Nach dem Abschluss des ersten Teils trafen sich die beiden Gruppen bei einem Feld mit vielfältigen, gut erhaltenen Grabsteinen von aufgehobenen Gräbern. Dort kann man innehalten, und man darf die Grabsteine auch berühren. An diesem Ort wechselten auch die Referierenden zur jeweils anderen Gruppe.
Reto Bühler führte seine Gruppe in einen weiteren Teil des weitläufigen Friedhofs, der 1877 erbaut wurde. Während der Friedhof Sihlfeld heute mitten in Zürich liegt, befand er sich zur Zeit seines Baus noch ausserhalb der Stadt. Früher hatten Friedhöfe nicht zur Stadt, sondern zu den Kirchen gehört, aber aufgrund der rasch wachsenden Stadtbevölkerung fehlte für die Bestattungen zunehmend der Platz. Zudem kam ein Bewusstsein für Hygiene auf und für die Seuchengefahr, die von Friedhöfen ausgehen konnte. Zu dieser Zeit begann sich auch die Kremation durchzusetzen, für die damals noch ein Verein zuständig war und nicht die Stadt Zürich; die erste Kremation auf dem Friedhof Sihlfeld (und die erste in der Schweiz überhaupt) fand 1886 im ursprünglichen Krematorium statt. Die grosszügige Anlage des Friedhofs, der nach dem Vorbild des Wiener Zentralfriedhofs gebaut wurde, ermöglichte es ausserdem dem wohlhabend gewordenen Bürgertum, sich mit einem Grabdenkmal ein Statussymbol errichten zu lassen. Entsprechend befinden sich viele Gräber prominenter Verstorbener auf dem Friedhof.
Reto Bühler führte die Gruppe abschliessend zum Alten Krematorium, das 1915 den zu klein gewordenen Vorgängerbau ablöste und in dem Teil des Friedhofs liegt, der im frühen 20. Jahrhundert neu gebaut wurde. Mit seiner Mischung aus verschiedenen Stilen ist dieses Krematorium ein für diese Zeit einzigartiger Bau. Unter anderem befinden sich darin Kutschen, in denen früher wohlhabende Verstorbene mit einem Trauerzug durch die Stadt gefahren wurden, wie Reto Bühler anhand von historischen Fotografien von Heimplatz und Rämistrasse zeigte. Wie das ursprüngliche Krematorium ist auch das Alte Krematorium heute nicht mehr in Betrieb, beide Bauten dienen als Abdankungshalle.

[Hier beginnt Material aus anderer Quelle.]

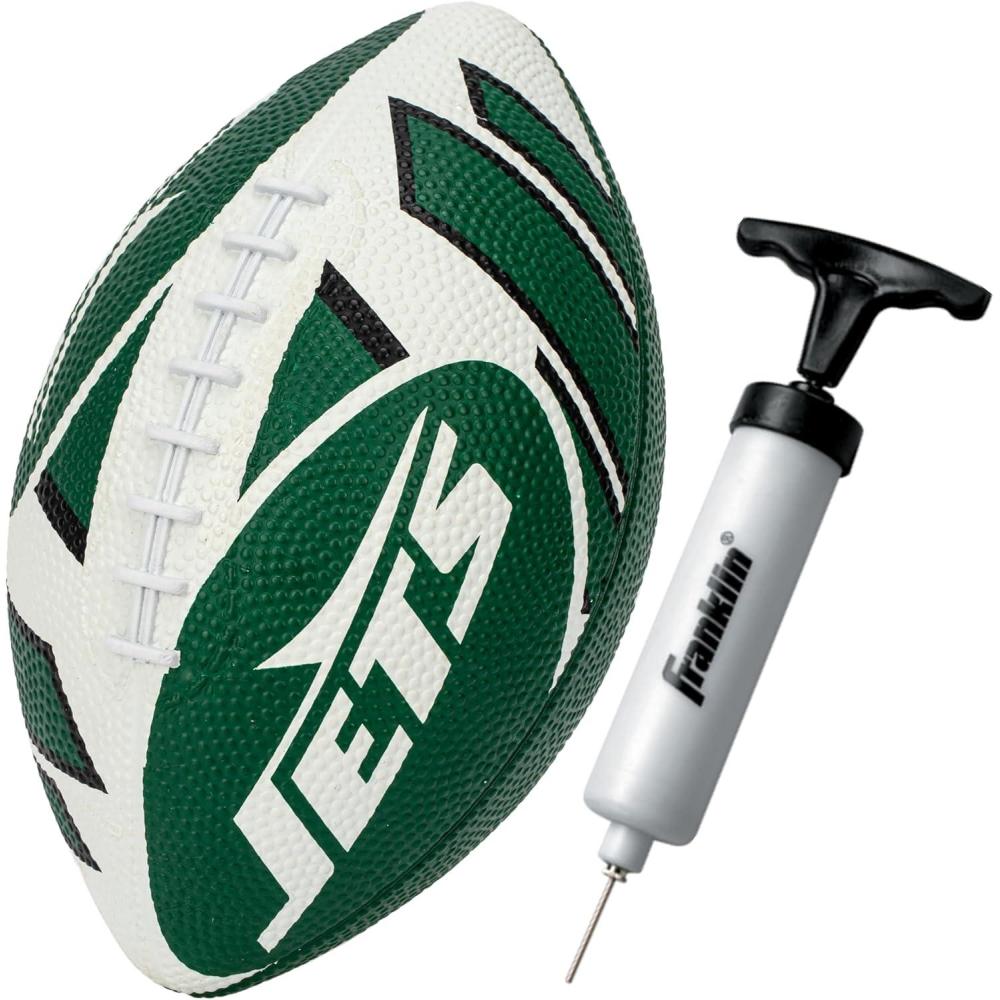 imageFranklin Sports NFL Team Footballs Rubber Youth Mini Balls for All Teams Kids 85quot Football Air Pump Sets Official NFL LicensedNew York Jets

Einig waren sich Veronika Jehle und Reto Bühler darin, dass Friedhöfe langsam aussterben. Das liege unter anderem daran, dass die Angehörigen der Verstorbenen heute aus einer Vielzahl von Bestattungsorten wählen könnten, dass die Erinnerungskultur sich verändert habe, weshalb viele Menschen keinen festen Erinnerungsort für ein Grab mehr wollten, und dass man die Asche auch nicht mehr bestatten lassen müsse. Während Einzelgräber weniger nachgefragt werden, sind Gemeinschaftsgräber in den letzten Jahren allerdings sehr beliebt geworden.
Zum Abschluss des Abends konnten sich die Teilnehmenden noch die aktuelle Ausstellung des Friedhof Forums zum Thema des würdigen Sterbens ansehen oder den Referierenden Fragen stellen. Wie zahlreiche Rückmeldungen zeigten, wurden die kompetent und spannend vorgetragenen Führungen von Veronika Jehle und Reto Bühler sehr geschätzt. Viele Teilnehmende freuten sich bereits auf den nächsten Anlass der Reihe.